By Peter Yolland
Richard Everett’s bitter-sweet comedy set in a quintessentially English vicarage garden opened in 2006 to sell-out shows at the Chichester Festival. It follows Grace, a recently widowed vicar’s wife coming to terms with his passing, the loss of her family home to the potential new incumbent, the return of her missionary sister and a daughter with her own issues. It thus provides lots of scope for long hidden secrets to be unearthed and relationships examined.
The play starts with Grace on the phone, her missionary sister Ruth mowing the lawn, her daughter Jo helping clean up and Sarah the potential new incumbent inspecting the vicarage. As the play settles down, the recently deceased Bardolph walks across the garden but is only seen by Grace and not by the other three ladies. The play evolves with scenes involving the four ladies with separate scenes and ones for Grace to reflect with her late husband.
Grace explains how difficult it is for her to grieve after her life as a vicar’s wife and ponders what her future will be. Sarah confides to Jo that she had an affair with a French polisher and how her husband’s forgiveness had started her journey in faith.
The sisters never had a close relationship as children and tension heightens between them after Ruth’s return from Uganda after thirty years, with the announcement that not only did she have a son Jeremy but that Bardolph was the father. Grace then tells Jo she has a half brother and Jo struggles to come to terms with this revelation. Grace angrily confronts Bardy, who says he was ashamed and perhaps they could talk about it now.
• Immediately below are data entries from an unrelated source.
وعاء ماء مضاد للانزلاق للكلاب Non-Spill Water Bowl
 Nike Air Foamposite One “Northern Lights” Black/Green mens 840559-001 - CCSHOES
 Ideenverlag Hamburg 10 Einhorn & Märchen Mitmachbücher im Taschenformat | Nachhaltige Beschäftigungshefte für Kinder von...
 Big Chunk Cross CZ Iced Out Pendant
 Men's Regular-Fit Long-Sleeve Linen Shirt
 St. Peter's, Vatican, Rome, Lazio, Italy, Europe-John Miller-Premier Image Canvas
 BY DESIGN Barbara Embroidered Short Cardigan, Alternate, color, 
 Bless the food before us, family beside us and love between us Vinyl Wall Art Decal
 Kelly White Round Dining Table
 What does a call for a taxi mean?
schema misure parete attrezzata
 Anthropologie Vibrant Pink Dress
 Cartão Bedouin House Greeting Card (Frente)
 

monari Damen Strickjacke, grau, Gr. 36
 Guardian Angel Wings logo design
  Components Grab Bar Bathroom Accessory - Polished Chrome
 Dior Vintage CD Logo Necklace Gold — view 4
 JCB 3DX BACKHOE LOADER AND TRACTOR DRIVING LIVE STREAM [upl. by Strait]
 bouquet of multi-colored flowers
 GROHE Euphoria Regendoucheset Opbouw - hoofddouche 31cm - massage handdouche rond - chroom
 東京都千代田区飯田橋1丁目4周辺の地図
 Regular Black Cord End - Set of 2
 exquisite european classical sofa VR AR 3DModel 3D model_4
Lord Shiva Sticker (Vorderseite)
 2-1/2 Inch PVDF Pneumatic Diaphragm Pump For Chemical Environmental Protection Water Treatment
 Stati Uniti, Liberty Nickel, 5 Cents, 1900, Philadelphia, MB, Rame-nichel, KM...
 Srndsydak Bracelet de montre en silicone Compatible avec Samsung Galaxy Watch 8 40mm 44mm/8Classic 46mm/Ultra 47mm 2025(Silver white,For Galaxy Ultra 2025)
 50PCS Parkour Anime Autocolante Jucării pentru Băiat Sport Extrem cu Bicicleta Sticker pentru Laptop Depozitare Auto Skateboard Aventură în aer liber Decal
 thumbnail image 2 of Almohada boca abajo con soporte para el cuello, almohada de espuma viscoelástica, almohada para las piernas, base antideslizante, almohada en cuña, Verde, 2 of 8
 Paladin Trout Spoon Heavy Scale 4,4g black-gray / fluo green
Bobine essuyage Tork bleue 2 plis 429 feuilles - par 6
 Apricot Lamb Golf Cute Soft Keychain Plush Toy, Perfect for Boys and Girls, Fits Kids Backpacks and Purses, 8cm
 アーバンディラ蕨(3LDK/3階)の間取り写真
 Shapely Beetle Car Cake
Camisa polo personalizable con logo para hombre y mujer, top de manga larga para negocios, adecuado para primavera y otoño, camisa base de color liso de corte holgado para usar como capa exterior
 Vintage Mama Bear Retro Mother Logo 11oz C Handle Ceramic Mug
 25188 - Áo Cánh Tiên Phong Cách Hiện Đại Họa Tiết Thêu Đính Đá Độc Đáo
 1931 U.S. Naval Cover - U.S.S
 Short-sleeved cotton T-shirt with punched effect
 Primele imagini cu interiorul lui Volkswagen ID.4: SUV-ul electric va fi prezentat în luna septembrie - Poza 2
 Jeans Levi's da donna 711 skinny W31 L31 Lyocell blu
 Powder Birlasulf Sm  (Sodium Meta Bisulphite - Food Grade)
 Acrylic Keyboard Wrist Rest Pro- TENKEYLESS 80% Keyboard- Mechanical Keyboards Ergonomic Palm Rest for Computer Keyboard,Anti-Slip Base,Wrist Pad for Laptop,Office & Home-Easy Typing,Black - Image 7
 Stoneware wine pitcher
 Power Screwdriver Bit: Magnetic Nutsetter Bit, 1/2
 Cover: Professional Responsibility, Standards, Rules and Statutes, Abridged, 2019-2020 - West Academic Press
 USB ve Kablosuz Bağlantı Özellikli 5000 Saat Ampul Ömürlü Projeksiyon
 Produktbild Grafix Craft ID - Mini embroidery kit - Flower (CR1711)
The second half starts two days later with Ruth trying to explain to her sister that it was her fault and that Bardolph wasn’t to blame for not telling his wife about the indiscretion. Sarah explains to Jo that she has decided she wasn’t ready to take up the position and further confesses that she had terminated a pregnancy after the affair but her husband thought it was his baby.
Jo then finds Grace and tells her that she has asked Ruth to stay for the sisters to sort things out. Grace further tells Sarah and Jo that she lost a baby boy. Gradually Grace, Sarah and Jo come to terms with things and then the scene moves down to the stream where Bardolph’s body was found. There he reappears to Grace and they talk about his love for god and being trapped in the faith.
Grace and Ruth finally make up and the play ends a few months later with the obviously pregnant Sarah in cassock ensconced in the vicarage. Grace has popped around to visit her old house. She has one final encounter with Bardolph and they make up. Jo and Ruth then turn up to say they are off to meet Jeremy.
The set designer Jan Greenough and construction team are to be congratulated with a greenhouse and a little area constructed to hold water that passed as the stream. The live shrubbery and plants added to the effect of this being an English garden. The staging of the mower moving by itself was a clever effect and one that must have needed careful consideration.
Lighting (Emma Christmas) and sound (Lauren Flynn) designs worked well to differentiate the various scenes and moods of the play.
Paul Ackroyd portrayed Bardolph with the ease of someone totally immersed in his role. His chemistry with Grace (Nikiki Packham) was at times tangible. For Nikki, taking on a role made famous by Penelope Keith might have daunted some actors, she certainly demonstrated a whole range of feelings to her husband on how much she loved him, the coolness of their relationship and the difficult relationship with her sister. She also had to deliver a lot of telling lines that the audience responded to wholeheartedly.
Ruth, played by Ann Ashenden, portrayed the sister whose relationship with her sister and late brother in law was sparky and sincere. The scenes between the two of them worked well. Jo, played by Lucy Camacho was clearly supportive to both her mother and to Sarah as well as coming to terms with her discoveries of there being a half brother and baby brother she had not been told about. Sarah played by Zoe Farrow again held the role of an incumbent with her own inner turmoil for the audience to see.
The playwright puts pen to paper but it is the actors who are directed that bring it to life or in this case partly after life. Director Mike Darbon needed to make use of the whole of the stage area for the various scenes such as the stream and the moving lawn mower. The small cast were a perfect fit for their roles and carried out their scenes, that in places had the audience laughing loudly.
This was a play that gave all those who came to see it a positive night’s entertainment, which was surely what those involved in its creation would want it to be.